Find files in a directory containing desired string in Python

Find files in a directory containing desired string in Python - python

I'm trying to find a string in files contained within a directory. I have a string like banana that I know that exists in a few of the files.
import os
import sys
user_input = input("What is the name of you directory?")
directory = os.listdir(user_input)
searchString = input("What word are you trying to find?")
for fname in directory: # change directory as needed
if searchString in fname:
f = open(fname,'r')
print('found string in file %s') %fname
else:
print('string not found')
When the program runs, it just outputs string not found for every file. There are three files that contain the word banana, so the program isn't working as it should. Why isn't it finding the string in the files?

You are trying to search for string in filename, use open(filename, 'r').read():
import os
user_input = input('What is the name of your directory')
directory = os.listdir(user_input)
searchstring = input('What word are you trying to find?')
for fname in directory:
if os.path.isfile(user_input + os.sep + fname):
# Full path
f = open(user_input + os.sep + fname, 'r')
if searchstring in f.read():
print('found string in file %s' % fname)
else:
print('string not found')
f.close()
We use user_input + os.sep + fname to get full path.
os.listdir gives files and directories names, so we use os.path.isfile to check for files.

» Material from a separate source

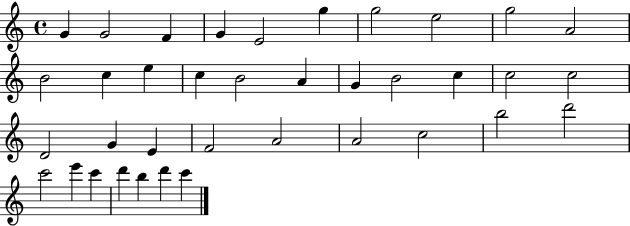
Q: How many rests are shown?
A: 0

Here is another version using the Path module from pathlib instead of os.
def search_in_file(path,searchstring):
with open(path, 'r') as file:
if searchstring in file.read():
print(f' found string in file {path.name}')
else:
print('string not found')
from pathlib import Path
user_input = input('What is the name of your directory')
searchstring = input('What word are you trying to find?')
dir_content = sorted(Path(user_input).iterdir())
for path in dir_content:
if not path.is_dir():
search_in_file(path, searchstring)

This is my solution for the problem. It comes with the feature of also checking in sub-directories, as well as being able to handle multiple file types. It is also quite easy to add support for other ones. The downside is of course that it's quite chunky code. But let me know what you think.
import os
import docx2txt
from pptx import Presentation
import pdfplumber
def findFiles(strings, dir, subDirs, fileContent, fileExtensions):
# Finds all the files in 'dir' that contain one string from 'strings'.
# Additional parameters:
# 'subDirs': True/False : Look in sub-directories of your folder
# 'fileContent': True/False :Also look for the strings in the file content of every file
# 'fileExtensions': True/False : Look for a specific file extension -> 'fileContent' is ignored
filesInDir = []
foundFiles = []
filesFound = 0
if not subDirs:
for filename in os.listdir(dir):
if os.path.isfile(os.path.join(dir, filename).replace("\\", "/")):
filesInDir.append(os.path.join(dir, filename).replace("\\", "/"))
else:
for root, subdirs, files in os.walk(dir):
for f in files:
if not os.path.isdir(os.path.join(root, f).replace("\\", "/")):
filesInDir.append(os.path.join(root, f).replace("\\", "/"))
print(filesInDir)
# Find files that contain the keyword
if filesInDir:
for file in filesInDir:
print("Current file: "+file)
# Define what is to be searched in
filename, extension = os.path.splitext(file)
if fileExtensions:
fileText = extension
else:
fileText = os.path.basename(filename).lower()
if fileContent:
fileText += getFileContent(file).lower()
# Check for translations
for string in strings:
print(string)
if string in fileText:
foundFiles.append(file)
filesFound += 1
break
return foundFiles
def getFileContent(filename):
'''Returns the content of a file of a supported type (list: supportedTypes)'''
if filename.partition(".")[2] in supportedTypes:
if filename.endswith(".pdf"):
content = ""
with pdfplumber.open(filename) as pdf:
for x in range(0, len(pdf.pages)):
page = pdf.pages[x]
content = content + page.extract_text()
return content
elif filename.endswith(".txt"):
with open(filename, 'r') as f:
content = ""
lines = f.readlines()
for x in lines:
content = content + x
f.close()
return content
elif filename.endswith(".docx"):
content = docx2txt.process(filename)
return content
elif filename.endswith(".pptx"):
content = ""
prs = Presentation(filename)
for slide in prs.slides:
for shape in slide.shapes:
if hasattr(shape, "text"):
content = content+shape.text
return content
else:
return ""
supportedTypes = ["txt", "docx", "pdf", "pptx"]
print(findFiles(strings=["buch"], dir="C:/Users/User/Desktop/", subDirs=True, fileContent=True, fileExtensions=False))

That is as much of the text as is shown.